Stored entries

┌──

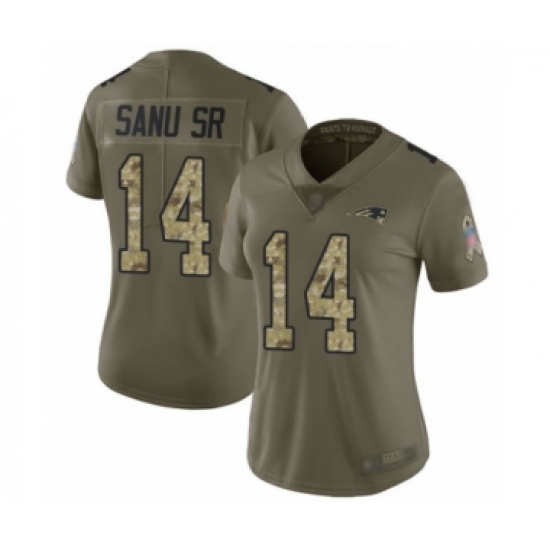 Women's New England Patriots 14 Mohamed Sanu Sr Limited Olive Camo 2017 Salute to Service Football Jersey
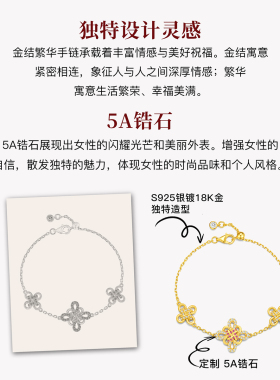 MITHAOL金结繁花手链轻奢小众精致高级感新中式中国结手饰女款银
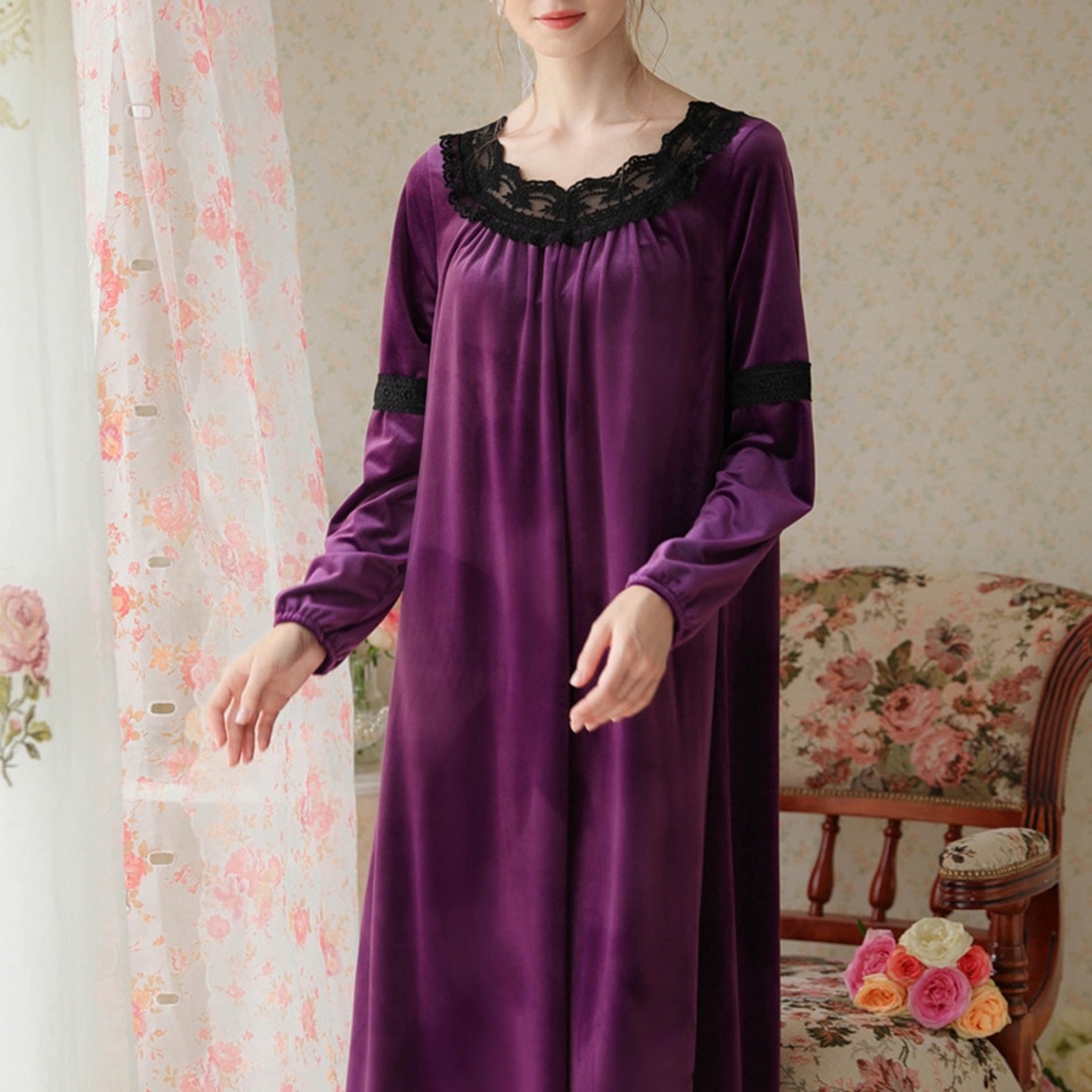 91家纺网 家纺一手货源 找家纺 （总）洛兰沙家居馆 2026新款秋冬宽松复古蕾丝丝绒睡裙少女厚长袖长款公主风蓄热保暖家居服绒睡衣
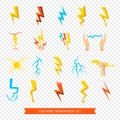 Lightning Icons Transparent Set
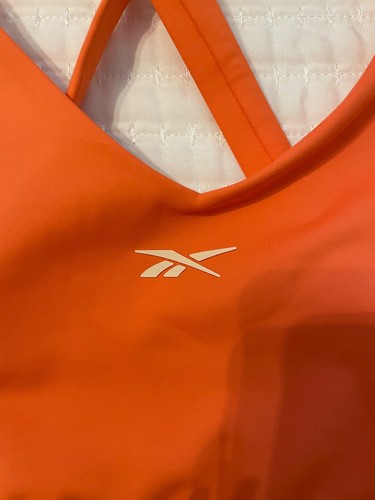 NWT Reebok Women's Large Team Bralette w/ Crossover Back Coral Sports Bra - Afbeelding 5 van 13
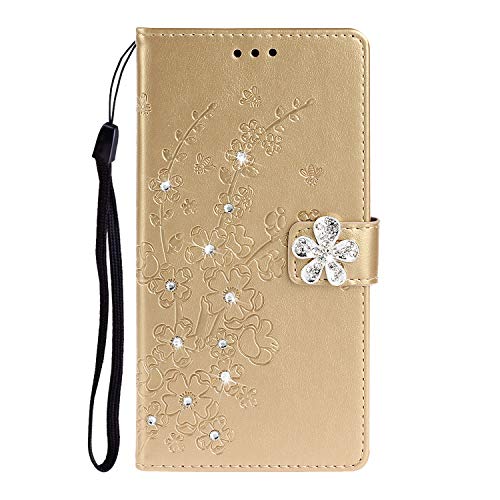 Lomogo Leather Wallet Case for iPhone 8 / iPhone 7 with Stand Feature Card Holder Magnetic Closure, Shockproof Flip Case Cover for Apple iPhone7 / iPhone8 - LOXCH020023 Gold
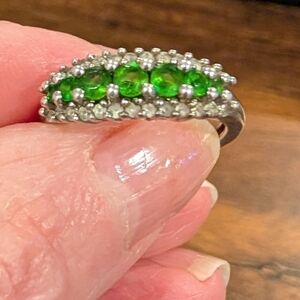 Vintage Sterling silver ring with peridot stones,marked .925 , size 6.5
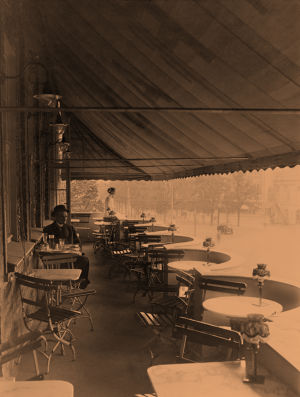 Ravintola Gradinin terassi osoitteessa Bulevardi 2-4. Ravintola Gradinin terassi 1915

└──

:: TASK DESCRIPTION ::
Exactly what appears in the records above must be returned, apart from the pictures.

:: RESPONSE AREA ::
 Women's New England Patriots 14 Mohamed Sanu Sr Limited Olive Camo 2017 Salute to Service Football Jersey
 MITHAOL金结繁花手链轻奢小众精致高级感新中式中国结手饰女款银
 91家纺网 家纺一手货源 找家纺 （总）洛兰沙家居馆 2026新款秋冬宽松复古蕾丝丝绒睡裙少女厚长袖长款公主风蓄热保暖家居服绒睡衣
 Lightning Icons Transparent Set
 NWT Reebok Women's Large Team Bralette w/ Crossover Back Coral Sports Bra - Afbeelding 5 van 13
 Lomogo Leather Wallet Case for iPhone 8 / iPhone 7 with Stand Feature Card Holder Magnetic Closure, Shockproof Flip Case Cover for Apple iPhone7 / iPhone8 - LOXCH020023 Gold
 Vintage Sterling silver ring with peridot stones,marked .925 , size 6.5
 Ravintola Gradinin terassi osoitteessa Bulevardi 2-4. Ravintola Gradinin terassi 1915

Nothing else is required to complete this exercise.